• **EXERCISE AIM**
Set down a precise copy of the whole listing.

• **PROVIDED RECORDS**

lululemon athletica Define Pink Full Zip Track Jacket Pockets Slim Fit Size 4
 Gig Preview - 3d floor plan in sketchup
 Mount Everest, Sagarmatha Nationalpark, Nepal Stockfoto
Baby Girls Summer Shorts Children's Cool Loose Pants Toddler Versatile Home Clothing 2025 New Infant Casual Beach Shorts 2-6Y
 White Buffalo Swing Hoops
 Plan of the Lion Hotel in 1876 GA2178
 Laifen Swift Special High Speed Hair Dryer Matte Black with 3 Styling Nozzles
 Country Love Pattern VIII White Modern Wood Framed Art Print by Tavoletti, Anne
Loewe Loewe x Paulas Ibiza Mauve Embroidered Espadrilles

• **EXERCISE ANSWER**
lululemon athletica Define Pink Full Zip Track Jacket Pockets Slim Fit Size 4
 Gig Preview - 3d floor plan in sketchup
 Mount Everest, Sagarmatha Nationalpark, Nepal Stockfoto
Baby Girls Summer Shorts Children's Cool Loose Pants Toddler Versatile Home Clothing 2025 New Infant Casual Beach Shorts 2-6Y
 White Buffalo Swing Hoops
 Plan of the Lion Hotel in 1876 GA2178
 Laifen Swift Special High Speed Hair Dryer Matte Black with 3 Styling Nozzles
 Country Love Pattern VIII White Modern Wood Framed Art Print by Tavoletti, Anne
Loewe Loewe x Paulas Ibiza Mauve Embroidered Espadrilles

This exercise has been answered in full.